The Norwegian Directorate for Cultural Heritage has prioritized ten themes in recent history and plans to protect important cultural monuments within each of them. The conservation strategy includes defence and war history, industry, old traffic routes and particularly important post-1537 archaeological sites, including cultural layers in cities and towns. Separate rules have been established for national minorities, such as the Kven and Roma peoples, who are entitled to extra protection of their past.
“The Directorate for Cultural Heritage’s proposal is at least in part a delayed response to the fact that the Norwegian authorities have actually committed to conserving more of our cultural heritage through the European Malta Convention,” McLees said.
Hermetically sealed
Although McLees welcomes this much delayed measure, he is not optimistic about the effectiveness of the conservation strategy or the future management of Norway’s recent archaeological heritage.
“The criteria for selecting the objects for permanent protection haven’t been specified. This form of protection will put a hermetic lid on the selected cultural monuments.
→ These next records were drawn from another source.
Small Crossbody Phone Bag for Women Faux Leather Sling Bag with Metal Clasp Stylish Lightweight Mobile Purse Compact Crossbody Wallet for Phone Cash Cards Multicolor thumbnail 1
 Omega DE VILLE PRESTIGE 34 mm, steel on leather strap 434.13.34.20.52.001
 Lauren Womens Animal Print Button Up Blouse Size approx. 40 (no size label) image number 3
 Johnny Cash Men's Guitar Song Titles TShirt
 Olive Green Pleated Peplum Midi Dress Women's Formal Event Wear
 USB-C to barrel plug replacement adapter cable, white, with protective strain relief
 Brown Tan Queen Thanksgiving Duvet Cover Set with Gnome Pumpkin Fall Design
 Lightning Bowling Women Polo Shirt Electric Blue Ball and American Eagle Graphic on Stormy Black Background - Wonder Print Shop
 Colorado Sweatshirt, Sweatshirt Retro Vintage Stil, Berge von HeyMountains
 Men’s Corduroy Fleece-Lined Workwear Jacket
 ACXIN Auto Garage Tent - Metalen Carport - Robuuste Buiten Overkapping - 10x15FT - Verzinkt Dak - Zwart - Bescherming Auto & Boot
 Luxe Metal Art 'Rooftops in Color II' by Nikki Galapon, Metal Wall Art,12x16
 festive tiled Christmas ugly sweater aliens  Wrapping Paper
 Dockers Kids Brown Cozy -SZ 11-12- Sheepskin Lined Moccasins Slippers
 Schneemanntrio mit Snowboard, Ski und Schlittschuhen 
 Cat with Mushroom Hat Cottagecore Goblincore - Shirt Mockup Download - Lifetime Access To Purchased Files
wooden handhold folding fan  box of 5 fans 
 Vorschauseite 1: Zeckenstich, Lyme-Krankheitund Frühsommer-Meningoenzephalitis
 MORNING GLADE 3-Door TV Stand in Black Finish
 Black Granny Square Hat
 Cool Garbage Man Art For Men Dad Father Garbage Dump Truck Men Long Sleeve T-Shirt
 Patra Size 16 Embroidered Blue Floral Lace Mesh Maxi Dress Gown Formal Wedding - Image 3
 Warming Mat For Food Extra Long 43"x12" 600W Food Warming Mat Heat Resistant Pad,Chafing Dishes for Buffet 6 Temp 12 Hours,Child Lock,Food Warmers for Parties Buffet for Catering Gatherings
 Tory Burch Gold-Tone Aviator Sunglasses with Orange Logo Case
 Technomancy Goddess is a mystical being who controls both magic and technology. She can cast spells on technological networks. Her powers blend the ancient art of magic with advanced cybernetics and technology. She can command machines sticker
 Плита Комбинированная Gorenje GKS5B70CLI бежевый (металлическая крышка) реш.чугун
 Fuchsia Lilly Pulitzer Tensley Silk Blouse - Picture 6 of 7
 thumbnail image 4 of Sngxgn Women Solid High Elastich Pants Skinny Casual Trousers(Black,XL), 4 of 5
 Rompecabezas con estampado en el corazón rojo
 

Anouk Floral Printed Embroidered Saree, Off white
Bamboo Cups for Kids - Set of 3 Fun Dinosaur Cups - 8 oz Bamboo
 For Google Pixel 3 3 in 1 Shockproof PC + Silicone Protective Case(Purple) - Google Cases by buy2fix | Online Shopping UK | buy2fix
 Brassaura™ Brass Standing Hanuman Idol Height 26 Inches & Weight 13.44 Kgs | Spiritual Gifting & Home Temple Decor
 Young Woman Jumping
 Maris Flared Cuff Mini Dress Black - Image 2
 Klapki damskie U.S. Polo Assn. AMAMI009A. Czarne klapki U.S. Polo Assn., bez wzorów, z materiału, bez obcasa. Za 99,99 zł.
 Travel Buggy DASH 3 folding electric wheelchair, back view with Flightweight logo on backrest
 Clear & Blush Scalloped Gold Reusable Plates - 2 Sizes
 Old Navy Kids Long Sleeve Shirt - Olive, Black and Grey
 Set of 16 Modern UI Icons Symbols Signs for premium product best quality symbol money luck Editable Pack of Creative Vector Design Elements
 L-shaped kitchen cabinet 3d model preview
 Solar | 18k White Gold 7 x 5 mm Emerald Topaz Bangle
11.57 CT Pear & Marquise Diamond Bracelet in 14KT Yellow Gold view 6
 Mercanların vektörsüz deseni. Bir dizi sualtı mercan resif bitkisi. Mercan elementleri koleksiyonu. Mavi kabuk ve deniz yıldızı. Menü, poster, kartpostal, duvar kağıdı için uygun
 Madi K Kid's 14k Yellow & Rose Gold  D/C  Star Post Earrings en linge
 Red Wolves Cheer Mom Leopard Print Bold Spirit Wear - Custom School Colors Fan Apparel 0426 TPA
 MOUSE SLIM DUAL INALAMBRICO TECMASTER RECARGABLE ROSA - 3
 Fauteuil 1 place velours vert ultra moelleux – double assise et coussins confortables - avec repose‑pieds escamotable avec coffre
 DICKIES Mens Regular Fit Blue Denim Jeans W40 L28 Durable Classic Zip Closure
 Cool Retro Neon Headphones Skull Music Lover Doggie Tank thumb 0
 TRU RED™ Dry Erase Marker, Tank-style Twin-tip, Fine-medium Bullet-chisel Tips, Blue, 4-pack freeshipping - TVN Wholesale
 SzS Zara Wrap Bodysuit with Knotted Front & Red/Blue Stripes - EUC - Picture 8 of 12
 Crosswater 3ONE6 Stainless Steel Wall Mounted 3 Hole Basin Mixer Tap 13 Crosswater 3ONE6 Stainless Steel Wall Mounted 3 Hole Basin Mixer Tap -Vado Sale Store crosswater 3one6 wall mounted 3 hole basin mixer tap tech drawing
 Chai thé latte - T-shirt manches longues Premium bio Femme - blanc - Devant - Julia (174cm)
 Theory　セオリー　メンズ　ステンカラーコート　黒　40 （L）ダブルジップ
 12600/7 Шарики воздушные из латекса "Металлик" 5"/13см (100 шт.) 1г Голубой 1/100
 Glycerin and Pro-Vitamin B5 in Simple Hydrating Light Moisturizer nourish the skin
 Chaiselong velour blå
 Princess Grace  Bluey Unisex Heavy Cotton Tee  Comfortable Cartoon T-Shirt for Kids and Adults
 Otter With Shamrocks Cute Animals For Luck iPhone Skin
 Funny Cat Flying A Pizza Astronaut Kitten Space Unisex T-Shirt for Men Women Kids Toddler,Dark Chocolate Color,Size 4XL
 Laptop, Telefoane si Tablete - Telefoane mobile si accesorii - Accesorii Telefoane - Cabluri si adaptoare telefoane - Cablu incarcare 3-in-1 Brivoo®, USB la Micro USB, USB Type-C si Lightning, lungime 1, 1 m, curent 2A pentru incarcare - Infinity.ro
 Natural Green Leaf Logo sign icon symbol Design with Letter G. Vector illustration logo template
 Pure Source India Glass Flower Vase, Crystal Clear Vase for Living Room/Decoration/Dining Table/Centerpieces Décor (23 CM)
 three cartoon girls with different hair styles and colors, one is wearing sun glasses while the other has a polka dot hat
They’ll continue to gradually deteriorate, and won’t be able to be used as sources for research or historical writing,” he says.
The 1537 age limit will also stand in most cases, and the remaining material sources of the past 500 years of history will continue to disappear and be neglected.
McLees believes the stories written about our near future will still have gaps and be inadequate.
“They’ll leave out what has always been indispensable in the lives of human beings through the ages – material objects.